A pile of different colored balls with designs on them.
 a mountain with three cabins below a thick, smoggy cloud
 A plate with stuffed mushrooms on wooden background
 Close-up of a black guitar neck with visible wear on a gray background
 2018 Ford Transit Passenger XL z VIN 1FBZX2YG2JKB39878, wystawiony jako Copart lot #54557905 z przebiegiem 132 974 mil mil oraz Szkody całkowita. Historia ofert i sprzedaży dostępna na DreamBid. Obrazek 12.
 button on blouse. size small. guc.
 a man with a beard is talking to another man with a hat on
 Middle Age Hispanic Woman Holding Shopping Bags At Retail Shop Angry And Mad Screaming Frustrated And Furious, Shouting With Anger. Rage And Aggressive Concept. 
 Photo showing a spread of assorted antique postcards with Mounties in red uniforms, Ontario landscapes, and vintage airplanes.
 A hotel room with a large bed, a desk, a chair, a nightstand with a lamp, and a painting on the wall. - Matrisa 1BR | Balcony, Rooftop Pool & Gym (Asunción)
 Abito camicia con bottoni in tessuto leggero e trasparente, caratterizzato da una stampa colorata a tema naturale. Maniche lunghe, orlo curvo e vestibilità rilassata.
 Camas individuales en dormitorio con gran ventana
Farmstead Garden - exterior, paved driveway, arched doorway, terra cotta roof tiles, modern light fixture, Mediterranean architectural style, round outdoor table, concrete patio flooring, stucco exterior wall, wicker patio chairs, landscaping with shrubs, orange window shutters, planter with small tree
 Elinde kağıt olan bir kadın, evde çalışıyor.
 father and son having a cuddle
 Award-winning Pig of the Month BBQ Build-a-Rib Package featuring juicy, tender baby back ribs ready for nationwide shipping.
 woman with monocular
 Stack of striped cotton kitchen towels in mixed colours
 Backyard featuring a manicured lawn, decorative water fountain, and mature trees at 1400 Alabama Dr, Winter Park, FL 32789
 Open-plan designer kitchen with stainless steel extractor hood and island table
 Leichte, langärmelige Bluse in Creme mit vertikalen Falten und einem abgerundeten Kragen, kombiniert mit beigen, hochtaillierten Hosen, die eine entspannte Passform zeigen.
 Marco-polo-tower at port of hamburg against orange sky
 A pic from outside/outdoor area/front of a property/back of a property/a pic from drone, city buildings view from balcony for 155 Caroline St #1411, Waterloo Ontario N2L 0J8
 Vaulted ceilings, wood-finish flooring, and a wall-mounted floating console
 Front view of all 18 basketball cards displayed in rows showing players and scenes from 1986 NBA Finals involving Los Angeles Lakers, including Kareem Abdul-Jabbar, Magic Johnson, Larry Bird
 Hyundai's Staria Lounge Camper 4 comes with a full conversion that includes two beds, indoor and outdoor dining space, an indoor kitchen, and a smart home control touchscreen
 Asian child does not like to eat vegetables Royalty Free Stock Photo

════════════════════

▶ **Problem statement**
Return the full listing, character for character.

▶ **Your solution**
A pile of different colored balls with designs on them.
 a mountain with three cabins below a thick, smoggy cloud
 A plate with stuffed mushrooms on wooden background
 Close-up of a black guitar neck with visible wear on a gray background
 2018 Ford Transit Passenger XL z VIN 1FBZX2YG2JKB39878, wystawiony jako Copart lot #54557905 z przebiegiem 132 974 mil mil oraz Szkody całkowita. Historia ofert i sprzedaży dostępna na DreamBid. Obrazek 12.
 button on blouse. size small. guc.
 a man with a beard is talking to another man with a hat on
 Middle Age Hispanic Woman Holding Shopping Bags At Retail Shop Angry And Mad Screaming Frustrated And Furious, Shouting With Anger. Rage And Aggressive Concept. 
 Photo showing a spread of assorted antique postcards with Mounties in red uniforms, Ontario landscapes, and vintage airplanes.
 A hotel room with a large bed, a desk, a chair, a nightstand with a lamp, and a painting on the wall. - Matrisa 1BR | Balcony, Rooftop Pool & Gym (Asunción)
 Abito camicia con bottoni in tessuto leggero e trasparente, caratterizzato da una stampa colorata a tema naturale. Maniche lunghe, orlo curvo e vestibilità rilassata.
 Camas individuales en dormitorio con gran ventana
Farmstead Garden - exterior, paved driveway, arched doorway, terra cotta roof tiles, modern light fixture, Mediterranean architectural style, round outdoor table, concrete patio flooring, stucco exterior wall, wicker patio chairs, landscaping with shrubs, orange window shutters, planter with small tree
 Elinde kağıt olan bir kadın, evde çalışıyor.
 father and son having a cuddle
 Award-winning Pig of the Month BBQ Build-a-Rib Package featuring juicy, tender baby back ribs ready for nationwide shipping.
 woman with monocular
 Stack of striped cotton kitchen towels in mixed colours
 Backyard featuring a manicured lawn, decorative water fountain, and mature trees at 1400 Alabama Dr, Winter Park, FL 32789
 Open-plan designer kitchen with stainless steel extractor hood and island table
 Leichte, langärmelige Bluse in Creme mit vertikalen Falten und einem abgerundeten Kragen, kombiniert mit beigen, hochtaillierten Hosen, die eine entspannte Passform zeigen.
 Marco-polo-tower at port of hamburg against orange sky
 A pic from outside/outdoor area/front of a property/back of a property/a pic from drone, city buildings view from balcony for 155 Caroline St #1411, Waterloo Ontario N2L 0J8
 Vaulted ceilings, wood-finish flooring, and a wall-mounted floating console
 Front view of all 18 basketball cards displayed in rows showing players and scenes from 1986 NBA Finals involving Los Angeles Lakers, including Kareem Abdul-Jabbar, Magic Johnson, Larry Bird
 Hyundai's Staria Lounge Camper 4 comes with a full conversion that includes two beds, indoor and outdoor dining space, an indoor kitchen, and a smart home control touchscreen
 Asian child does not like to eat vegetables Royalty Free Stock Photo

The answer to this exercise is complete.